17 Maret 2009

Meutia Hatta: Lindungi Buruh Migran Perempuan

Rabu, 11 Maret 2009

JAKARTA, KOMPAS.com — Badan Nasional Penempatan dan Perlindungan TKI mencatat, 45.375 buruh migran (BM) perempuan yang pulang ke Tanah Air mengalami permasalahan. Dari jumlah tersebut mayoritas bekerja di Timur Tengah. Demikian dikatakan Menteri Pemberdayaan Perempuan Meutia Hatta di Jakarta, Rabu (11/3). "Sebanyak 48,73 persen di antaranya bekerja di Timur Tengah, 9,9 persen bekerja di Taiwan, dan 8,5 persen bekerja di Uni Emirat Arab," kata Meutia.


Meutia juga memaparkan, belasan ribu TKI yang bekerja di Malaysia dipulangkan dari 11 titik debarkasi. Sementara itu, dua pertiga penjara di Malaysia diisi TKI. "Bagaimana bisa penjara di Malaysia dipenuhi oleh BM kita? Itu kesalahan dari negara penerima," kata Meutia.

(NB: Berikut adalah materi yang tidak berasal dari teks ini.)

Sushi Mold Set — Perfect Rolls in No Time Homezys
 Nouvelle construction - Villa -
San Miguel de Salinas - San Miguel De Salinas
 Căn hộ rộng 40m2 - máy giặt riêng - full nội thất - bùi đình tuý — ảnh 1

Menurutnya, 60 persen yang dipenjara adalah perempuan. Adapun penyebabnya, kata dia, adalah kemudahan peraturan untuk masuk ke negara penerima, sedangkan hukum di negara penerima cukup ketat sehingga hanya karena melakukan hal sepele seorang BM dapat dimasukkan ke dalam penjara.


Meutia menegaskan, seharusnya negera penerima tidak hanya menangkap BM perempuan yang melakukan kesalahan, tetapi harus dibuat juga daftar hitam bagi majikan yang menyiksa BM yang bekerja kepada mereka.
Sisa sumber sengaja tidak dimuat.